[Stoves] How to make smokeless coal?

Andrew Heggie aj.heggie at gmail.com
Thu May 25 07:06:15 CDT 2017


Whist the suject interests me  it's drifting a bit far from the topic
of biomass cookstoves but one comment below:

On 24 May 2017 at 21:54,  <neiltm at uwclub.net> wrote:

> gas the whole country was converting to.  I'm not aware that gas works
> were necessarily intrinsically polluting, but I may just not have come
> across references.  The process was contained after all, and tars that
> were scrubbed from the gas presumably were also utilised as the basis of
> a whole chemical industry. You can still buy 'coal tar soap', so I guess
> coal can be clean ;-)


Neil as you say not all the products of pyrolysis from coal went into
the gas, which was refined to hydrogen, carbon monoxide and a little
inevitable nitrogen.
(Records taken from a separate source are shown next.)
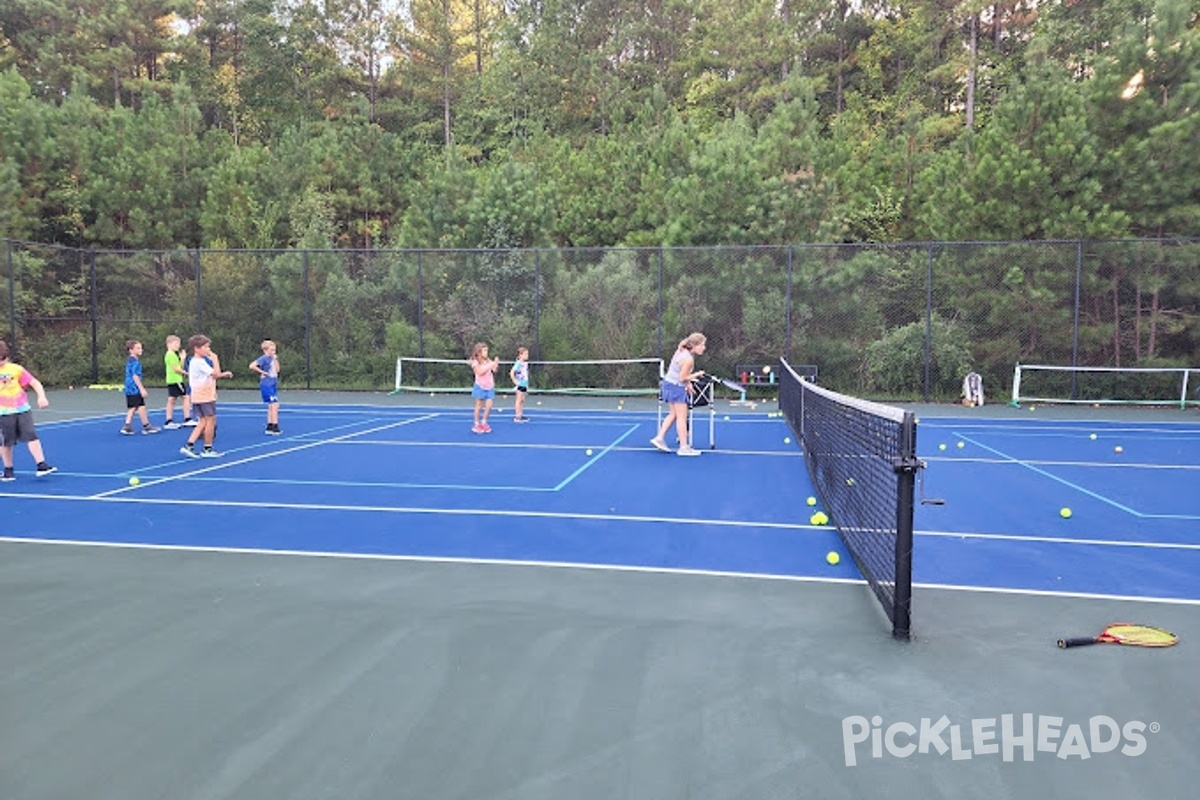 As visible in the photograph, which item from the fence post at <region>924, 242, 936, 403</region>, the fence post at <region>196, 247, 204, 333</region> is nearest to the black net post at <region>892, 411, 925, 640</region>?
the fence post at <region>924, 242, 936, 403</region>

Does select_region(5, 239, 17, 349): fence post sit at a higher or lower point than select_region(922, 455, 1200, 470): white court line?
higher

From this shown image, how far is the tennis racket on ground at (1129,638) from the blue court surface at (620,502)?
76 centimetres

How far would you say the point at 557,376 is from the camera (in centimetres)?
1939

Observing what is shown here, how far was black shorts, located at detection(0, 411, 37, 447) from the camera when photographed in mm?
8586

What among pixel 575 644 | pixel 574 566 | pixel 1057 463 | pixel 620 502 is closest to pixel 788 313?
pixel 1057 463

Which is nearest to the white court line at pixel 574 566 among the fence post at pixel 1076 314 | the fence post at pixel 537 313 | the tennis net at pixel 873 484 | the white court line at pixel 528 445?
the tennis net at pixel 873 484

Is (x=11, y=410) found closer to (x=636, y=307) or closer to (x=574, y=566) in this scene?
(x=574, y=566)

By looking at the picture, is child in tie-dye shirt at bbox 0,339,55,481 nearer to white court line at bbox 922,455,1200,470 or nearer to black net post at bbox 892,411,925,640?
black net post at bbox 892,411,925,640

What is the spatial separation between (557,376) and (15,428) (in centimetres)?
1190

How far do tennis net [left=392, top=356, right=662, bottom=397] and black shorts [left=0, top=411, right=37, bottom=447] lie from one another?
10.2 meters

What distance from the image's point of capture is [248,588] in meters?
4.94

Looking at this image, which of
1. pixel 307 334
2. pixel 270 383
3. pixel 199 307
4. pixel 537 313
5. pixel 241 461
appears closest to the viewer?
pixel 241 461

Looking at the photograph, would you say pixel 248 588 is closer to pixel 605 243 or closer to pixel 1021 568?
pixel 1021 568

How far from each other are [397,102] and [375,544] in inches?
1424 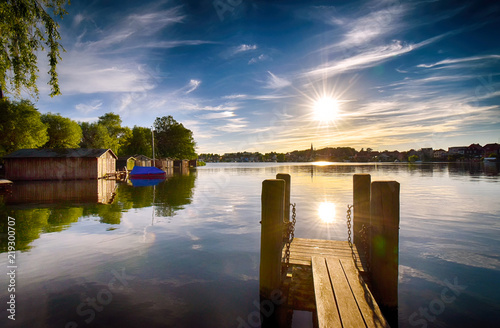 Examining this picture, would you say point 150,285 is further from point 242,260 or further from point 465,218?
point 465,218

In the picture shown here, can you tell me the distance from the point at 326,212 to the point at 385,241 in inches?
486

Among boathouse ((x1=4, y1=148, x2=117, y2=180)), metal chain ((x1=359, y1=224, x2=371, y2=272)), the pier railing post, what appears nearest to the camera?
the pier railing post

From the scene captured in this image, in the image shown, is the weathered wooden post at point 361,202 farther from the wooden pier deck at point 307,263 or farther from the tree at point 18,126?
the tree at point 18,126

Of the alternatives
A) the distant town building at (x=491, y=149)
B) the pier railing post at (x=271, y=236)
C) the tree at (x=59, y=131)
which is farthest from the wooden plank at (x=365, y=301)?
the distant town building at (x=491, y=149)

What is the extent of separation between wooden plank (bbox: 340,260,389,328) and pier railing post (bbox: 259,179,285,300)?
146cm

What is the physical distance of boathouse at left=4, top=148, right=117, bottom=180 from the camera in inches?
1419

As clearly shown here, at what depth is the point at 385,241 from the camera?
202 inches

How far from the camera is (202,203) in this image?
20172 millimetres

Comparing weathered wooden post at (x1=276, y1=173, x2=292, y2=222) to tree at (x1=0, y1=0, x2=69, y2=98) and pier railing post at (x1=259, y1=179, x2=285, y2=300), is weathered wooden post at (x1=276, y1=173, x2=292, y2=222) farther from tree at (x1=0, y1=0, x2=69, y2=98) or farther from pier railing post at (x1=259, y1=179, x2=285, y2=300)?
tree at (x1=0, y1=0, x2=69, y2=98)

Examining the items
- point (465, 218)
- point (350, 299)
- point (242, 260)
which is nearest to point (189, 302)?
point (242, 260)

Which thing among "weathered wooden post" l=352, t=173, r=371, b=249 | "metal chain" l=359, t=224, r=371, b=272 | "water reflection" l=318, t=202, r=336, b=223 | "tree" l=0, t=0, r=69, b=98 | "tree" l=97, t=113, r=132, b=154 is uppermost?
Result: "tree" l=97, t=113, r=132, b=154

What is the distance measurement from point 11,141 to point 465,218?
56985 millimetres

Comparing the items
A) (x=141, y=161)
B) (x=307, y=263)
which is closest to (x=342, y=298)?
(x=307, y=263)

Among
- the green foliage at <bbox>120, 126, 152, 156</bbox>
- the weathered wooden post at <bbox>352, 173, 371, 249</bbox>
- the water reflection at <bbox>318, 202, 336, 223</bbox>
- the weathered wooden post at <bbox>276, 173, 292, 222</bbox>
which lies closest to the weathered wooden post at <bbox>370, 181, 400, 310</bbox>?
the weathered wooden post at <bbox>352, 173, 371, 249</bbox> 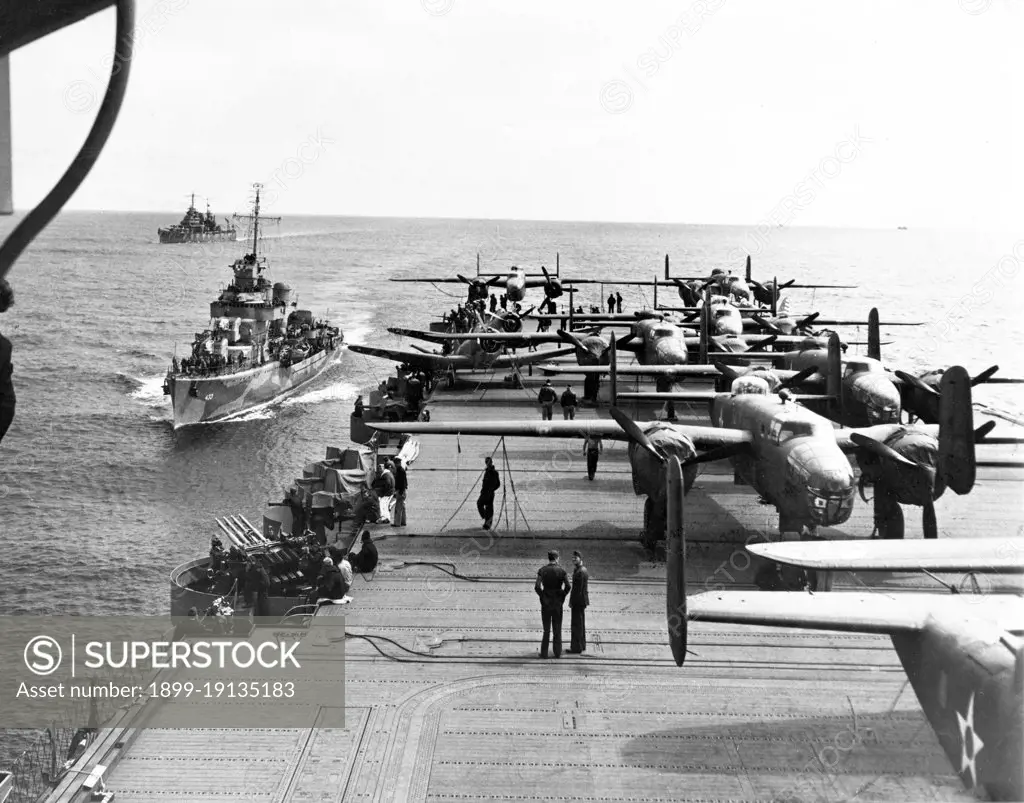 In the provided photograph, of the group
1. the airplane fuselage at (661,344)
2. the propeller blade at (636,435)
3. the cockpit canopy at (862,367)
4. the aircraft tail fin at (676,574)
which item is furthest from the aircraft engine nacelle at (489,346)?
the aircraft tail fin at (676,574)

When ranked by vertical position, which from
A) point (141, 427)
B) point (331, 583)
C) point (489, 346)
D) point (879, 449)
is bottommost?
point (141, 427)

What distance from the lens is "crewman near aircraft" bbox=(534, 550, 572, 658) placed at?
Answer: 1574cm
Amonia compounds and various tars were condensed
and these tars contained many phenol compounds because the coal had
more ring like (phenolic) compounds rather then the mainly chainlike
(aliphatic) ones in wood. Coal tar was used in roads and the waste is
now considered hazardous, creosote was a good preservative because of
it's toxicity but again wood treated with it is now considered
hazardous waste. Many of the former gas works became available for
redevelopment and a whole technology was developed to detox the ground
which had become contaminated over the years.